1.12.03

Dois hábitos meus

Eu tenho um hábito que, segundo Dado, é muito estranho: eu gosto de ler as cartas que os leitores mandam pros jornais. Quer dizer, em alguns casos, eu não leio (no caso do JC, porque acho que eles não têm critério). Em outros, eu vejo qual o tema e quem é o autor, para ver se vale à pena ler (caso do Diário de Pernambuco). E em outros casos (mais raros), como no da Folha de São Paulo, eu sempre leio, porque geralmente as cartas são bem escritas e acrescentam algo ao debate.

Talvez eu tenha esse costume por causa de um outro hábito meu: eu também escrevo para jornais e jornalistas. Recentemente li uma carta na Folha de São Paulo que me instigou a responder. Um jornalista de lá me respondeu pedindo para que eu resumisse. Júlio me fez esse favor. O resultado final (a “carta” publicada) foi decepcionante. Mas quem lê esse Blog e esse texto poderá ver todo o processo! Uau, que privilégio!
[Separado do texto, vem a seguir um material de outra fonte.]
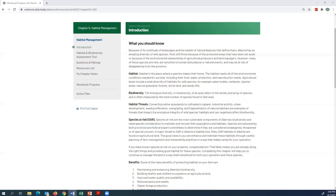This tutorial is going to teach you how to use the habitat and biodiversity assessment tool within Chapter 5. When you first get into Chapter 5, you will be on the introduction page where it explains the different chapter components, why it is important, and so on.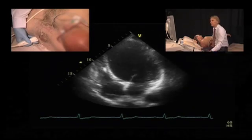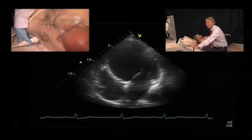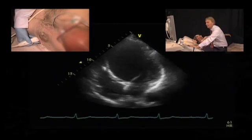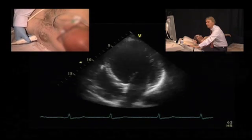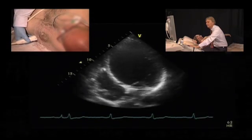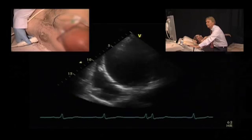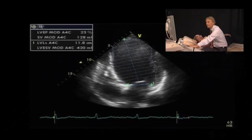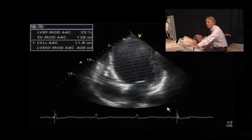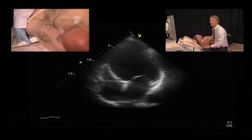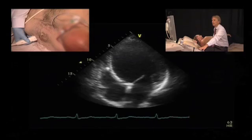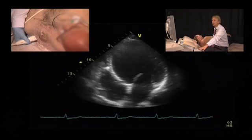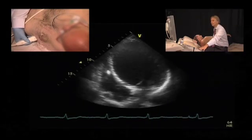Let's go back to the four-chamber view, and then we would also calculate the end systolic volume. By doing so, we would get an ejection fraction of 22-23 percent, which correlates quite nicely with the measurements we had from the parasternal position, the M-mode measurements, and also our visual impression of the ventricle.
A carta que provocou tudo:
Usuários de drogas
"Quem alimenta os traficantes, desgraçadamente, são os usuários sociais de entorpecentes. A maconha é uma droga ilícita, que,segundo médicos, acarreta transtornos em seus usuários. Então, se alguém diz, na mídia, que está praticando o ilícito deve, sim,ser responsabilizado, pois, além de comprar um produto ilícito, faz apologia, ainda que de um modo indireto, ao crime. A lei deve ser modificada para punir, com maior rigor, os usuários sociais das drogas, pois são eles que alimentam os traficantes. Se alguém quer relaxar, por que não vai ler a Bíblia? Ali a palavra de Deus tranquiliza as almas inquietas."
Neli Aparecida de Faria (São Paulo, SP)

http://www1.folha.uol.com.br/fsp/opiniao/fz1011200311.htm
Folha de São Paulo, Painel do Leitor, São Paulo, segunda-feira, 10 de novembro de 2003

Minha Carta Original:

Prezado Editor:

A leitora Neli Aparecida de Faria, em carta publicada 10/11, defende
que são os "usuários sociais da droga" que "alimentam os traficantes",
ecoando assim o senso comum predominante.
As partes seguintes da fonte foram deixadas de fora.